今回紹介するのは中国人民解放軍の個人装備のひとつ「65式兵糧袋」です。
日本でいう所の「兵糧」、中国語では「干糧」、「軍糧」と言われる軍用の携行食糧を運ぶための収納袋です。
中国語の記事を調べてみると、「軍糧袋」や「口糧袋」、「干糧袋」等と表記されています。
私は2枚購入したのですが、両方とも裏面が表の、縫製された状態でした。
実用時にはひっくり返して使用します。
裏面なので縫製の様子がよくわかります。
素材は綿幌布製で、初期は土黄色、のちに軍緑色の物が使用されたようです。
袋の両端に板紐が縫い付けられており、これを結わえて封をする作りです。
袋の形状は、抗日戦争中から使われていた物がそのまま受け継がれており、陸・海・空軍各組織ごとに生地の色が異なるものが確認できます。(陸軍はカーキグリーン、海軍はブルーグレー等)
裏地にはタグ・スタンプが確認できます。
この個体は1971年製のデッドストック未使用品です。
使用する為に折り返して表面を出した状態です。
生地自体は厚みがなく、コンパクトに折り畳めます。
広げてみると、画像のように結構、全長は長いです。
袋の口の様子です。
両端とも空いており、前後の区別なく使用できます。
袋の口の部分はそこそこの広さで、容量もだいぶ余裕があります。
実際に米を詰めてみました。
軍糧袋には白米の他にも、乾燥した食物全般を収納したようで、調べてみるとキビ・高粱(こうりゃん)等の雑穀や乾麺を収納したようです。
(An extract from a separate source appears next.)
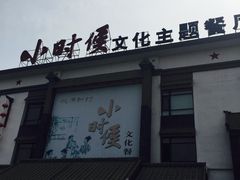 -小时候文化主题餐厅(田家店)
また、朝鮮戦争参戦の折に兵站を研究した結果、携行糧食として穀物を挽いて粉末にして炒めたものが発明されました。
これは水で練って団子にして茹でたり、緊急時には粉末のまま食べる事も出来たため寒冷地で兵站に難のある朝鮮の戦場では、中国人民義勇軍の兵士に重宝されたそうです。
米を収納した状態です。
月刊アームズマガジン1988年4月号の特集記事を引用しますと、「緊急発動等がかかり背嚢等を用意できない時の装備で、基本装備はそのままだが1.5㎏の米(2日分)の入った袋を2本たすき掛けにして出動します。」との事です。
食糧を詰めたら、袋の両端を板紐で結わえ留めます。
中身がこぼれそうで不安でしたが、実際に扱ってみると、かなりしっかりと結び留める事が出来ました。
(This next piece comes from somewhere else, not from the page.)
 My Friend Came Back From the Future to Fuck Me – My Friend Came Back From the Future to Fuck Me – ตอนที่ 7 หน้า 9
たすき掛けできるように、両端を結んで輪っか状にします。
使用感は、以前ブログで紹介したベトナム人民軍の米袋と似たような感じです。
兵糧袋1本で2日分の米、すなわち10合(1.5kg)を詰めています。
袋自体が長いので、ぎゅうぎゅうに詰まった状態にはならず、たすき掛け携行もしやすいです。
実際に着装してみました。
軍糧袋の装備方法は、人民解放軍における当時の記録映像が見つからなかった為、前述の雑誌記事画像に倣っています。
実際に身に着けてみると、兵糧袋2本分、3kgの重量は肩にずっしり堪えます。
実用前は毛布や外套ロールのようなイメージでしたが、実際にはアメリカンクラッカーのように塊をぶら下げたような状態になります。
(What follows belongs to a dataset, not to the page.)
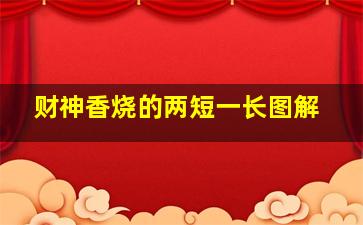 财神香烧的两短一长图解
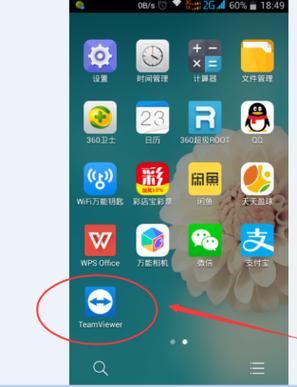 teamviewer14安卓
早駆けをすると兵糧袋が振り子のように前後に揺れるので、なかなか難儀です。
右腕は銃を持を定位置に維持しつつ、左手を兵糧袋に添えて重心を維持しつつ進めば大丈夫です。
個人的に兵隊の格好良さは背中にあると思います。
進撃中の兵士の様子は記録映像でも良く見られますが、とても勇ましい姿です。
手にしている小銃は「56式半自動歩槍」です。
「56半」は中国でライセンス生産されたソ連軍の「SKSカービン」で、セミオートマチック10連発のいささか古い設計の銃ですが、人民解放軍では主力小銃として1980年代中頃まで運用されていました。
56半を持ちゲートルを巻き、ヘルメットを被らず(支給されていない)解放帽姿の士兵の姿は「中越戦争」における一般的な歩兵軍装です。
兵糧袋は戦闘だけではない「生きている兵隊」らしさを演出するには最適な装備品だと感じました。